Allow you to give my answers first, then the explanation:

  1. You can apply Faraday's law in it's differential form to a fixed point in space even for time-dependent boundaries. It is always valid for a fixed point in space.
  2. If you really want to apply the differential form to a moving point, the easiest way is to transform the E and B-fields to a moving frame.

Explanation:

The question was how to properly treat the general case of Faraday's Law:
$$\begin{align} \oint_C\vec E \cdot d\vec l & = - {d \over d t} \iint_S \vec B \cdot d \vec A \\ \iint_S (\vec \nabla \times \vec E)\cdot d\vec A & = - {d \over d t} \iint_S \vec B \cdot d \vec A \\ \end{align}$$
Where $S$ is a smooth surface with one boundary curve $C(t)$ that may have explicit time dependence. Only when $C$ does not depend on $t$ can you bring the total derivative inside the double integral, downgrade it to a partial derivative, and then peel away the integral: $$ \begin{align} \iint_S (\vec \nabla \times \vec E)\cdot d\vec A & = - \iint_S {\partial \vec B \over \partial t} \cdot d \vec A \\ \vec \nabla \times \vec E &= - {\partial \vec B \over \partial t } \\ \end{align} $$
How do we know it is safe to peel off the integral? That is equivalent to declaring $\vec \nabla \times \vec E$ must equal $- {\partial \vec B \over \partial t}$ at every point $P$ on $S$. To see why this must be true imagine shrinking the surface $S$ down around the point $P$. At some point the smoothness of $\vec E$ and $\partial \vec B/\partial t$ must kick in and make these constant over the integral, thereby removing its need: stokes
And this brings me to my first point I would like to make:

$\oint_C\vec E \cdot d\vec l = - {\partial \over \partial t} \iint_S \vec B \cdot d \vec A$ is over a surface, while $\vec \nabla \times \vec E = - {\partial \vec B \over \partial t }$ is at a point.

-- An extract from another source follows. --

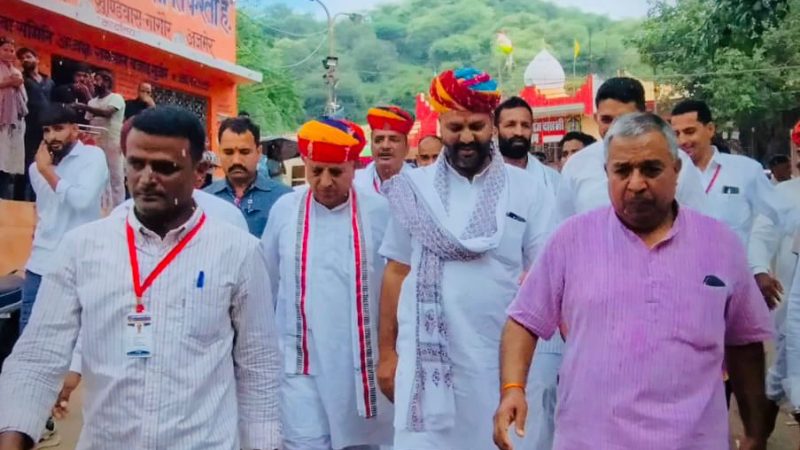 केंद्रीय कृषि राज्य मंत्री भागीरथ चौधरी ने खुंडियावास धाम में ध्वजारोहण करके किया बाबा रामदेवजी मेले का शुभारंभ, केंद्रीय मंत्री ने बाबा रामदेव के दरबार में धोक लगाकर देश-प्रदेश में की सुख समृद्धि एवं खुशहाली की कामना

Allow me to now show how Faraday's law in differential form applies to loops of changing area with the classic sliding bar example: sliding bar
The answer is of course that voltage $\mathcal{E} = BLv$ generates clockwise current around the loop, an answer readily acquired from the integral form of Faraday's law. But what does the differential form tell us? Consider a fixed point $P$ in space about to be overtaken by the sliding bar: zoomed in
Since the bar is a (perfect) moving conductor, it (perfectly) suppresses the magnetic field in its interior. This is how $P$ witnesses a changing magnetic field, even when $P$ is stationary. Let's write out the differential form with $\vec B = +B \hat z$: $$\begin{align} (\vec \nabla \times \vec E)_z &= -{\partial B_z \over \partial t}\\ {dE_y \over dx} - {dE_x \over dy} &= -{\partial B \over \partial t} \\ {\Delta E_y \over \Delta x} &\approx -{ \Delta B \over \Delta t} \\ E_y &\approx {\Delta x \over \Delta t} B \\ E_y &\approx v B \\ \mathcal{E} &\approx v B L \\ \end{align}$$
This is the same result as found with Faraday's law in integral form. The approximation can be made exact with a bit more rigor, but it gets the point across of how having a stationary point $P$ is no limitation in principle.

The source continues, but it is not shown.